The Hunger Games
Directed by Gary Ross
In cinemas now
The Hunger Games is the latest addition to a string of political Hollywood films produced over the last few years. But unlike films such as Tower Heist and Rise of the Planet of the Apes, the film adaptation of Suzanne Collins’ first book in The Hunger Games trilogy, is far more complete in its condemnation of the capitalist system.
It’s set in a post-apocalyptic North America; a fascist dictatorship ruled from the affluent Capitol. This dystopian future is a striking allegory for capitalism in decay. The sharp class divide between the wealthy Capitol and the 12 districts that surround it is presented not only through a vivid contrast between the lavish extravagance of the rich and the destitution of the poor, but as an exploitative social relationship between rulers and producers. The Capitol lives not in spite of, but directly on top of the remaining resources of the world, which are laboured on by the working class in districts like District 12.
It’s from District 12 that protagonist Katniss Everdeen is conscripted by the regime as a “tribute” to compete in an annual death match between teenagers from other districts, “The Hunger Games”. The annual “reaping”, at which two teenagers are ritualistically sacrificed from each of the twelve districts to compete in the Games, is reminiscent of Holocaust films and their portrayal of deportations to death. The Games are a penance introduced by the regime to reconcile the districts to their rulers following an uprising 74 years ago.
Like fascism in real life, the system needs these dictatorial measures to maintain its rule over a restive and unsatisfied population.
Alliances between “tributes” form along class lines in the Games. Privately trained, groomed-to-win kids from the wealthy inner districts unite against the children of the poor, outlying districts. But Katniss and her fellow tribute Peter from District 12 find in the Games (warning: spoiler ahead!) an outlet for challenging their own powerlessness at the hands of the regime in their defiance of the odds.
In a refreshing contrast to teen sensations like Twilight, the film is daring in its willingness to break with portrayals of women as passive subjects. Katniss is not only a woman protagonist, but also a strong one and a hunting pro. Her relationship with Peter is not primarily a morality tale of teen love, but a political act of protest against the regime.

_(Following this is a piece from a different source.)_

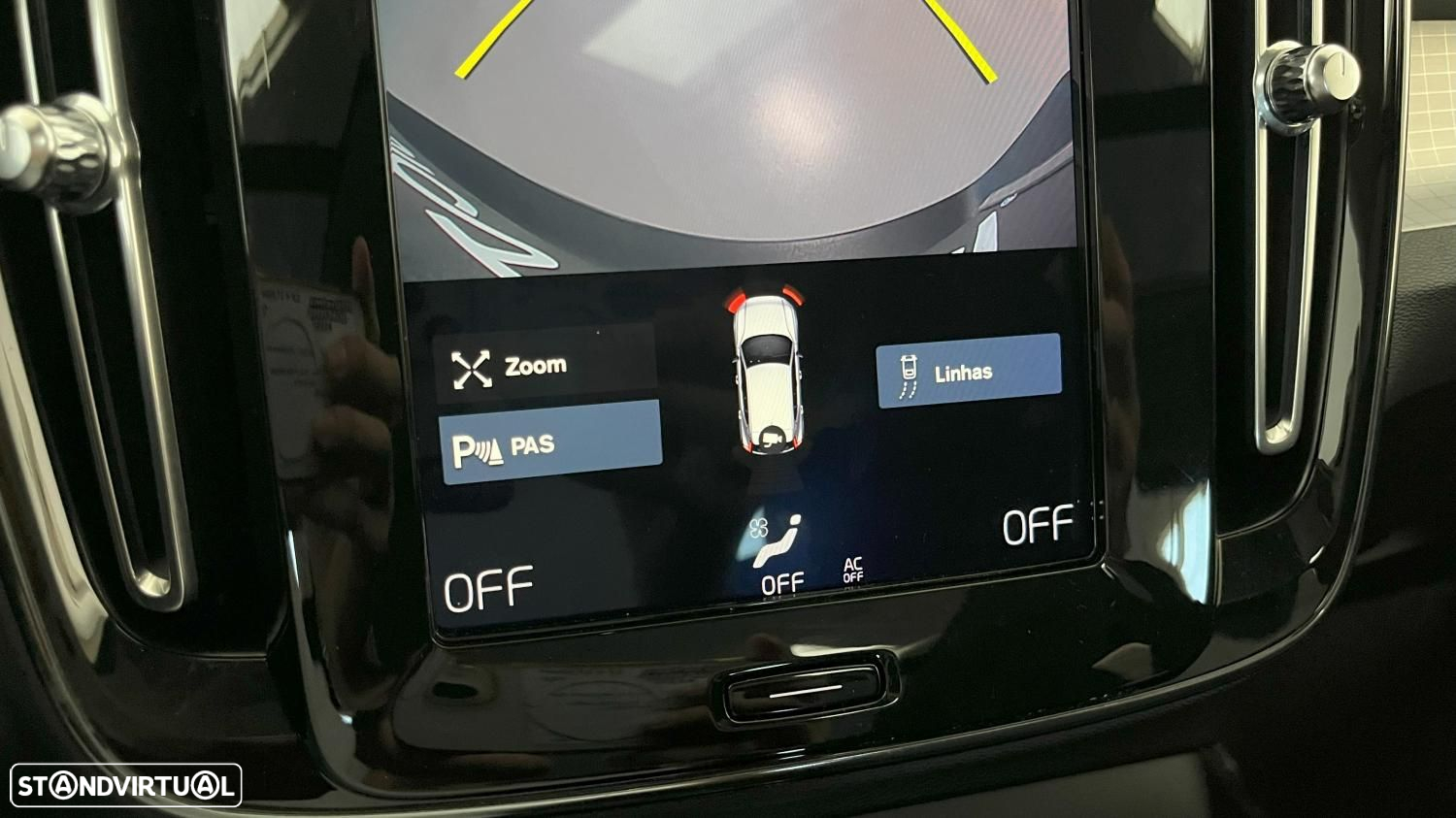 Volvo XC 40 1.5 T5 PHEV Momentum Plus - 8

The film constantly juxtaposes the seeming stability of bourgeois normality in the Capitol with the dark underbelly of capitalist exploitation and succeeds in illustrating just how sickening it can be. The over-the-top clothing, furnishings and lifestyles in the Capitol evoke the decadence of Marie Antionette and the French monarchy—or their modern incarnations in characters like Donald Trump, Richard Branson or Australia’s own Rineharts, Murdochs and Packers. Katniss is amazed by the sheer amount of luxurious food in the Capitol after years of constant near-famine in her district.
The whole set up of the Games draws on reality television, and the Game “arena” is not at all unlike the fake reality of The Truman Show. It seems a conscious imitation of the look of shows like Big Brother and Survivor and a comment on how anaesthetised capitalist culture is to violence and competition. The broadcasting of the Games is both a focus for nationalist fervour and a mechanism of social control, intended to sow a sense of disempowerment amongst the masses in the districts.
But perversely, as Capitol’s President Snow tells a minion, it also introduces a faint sense of hope, of beating the odds, of making it—and that faint hope is useful in tying people to the regime.
Yet underlying the horrific spectacle on show, the possibility of resistance and struggle against tyranny is a constant undercurrent in the film. In the arena, Katniss allies with Rue, a 12-year-old from the extremely oppressed and mostly black agricultural plantation, District 11. After her murder, a shot of District 11 breaking out into a riot, and police water cannons dispersing demonstrators, evokes a parallel with the Occupy protests or the streets of Greece or Egypt of today—and hints towards the possibility of a different future.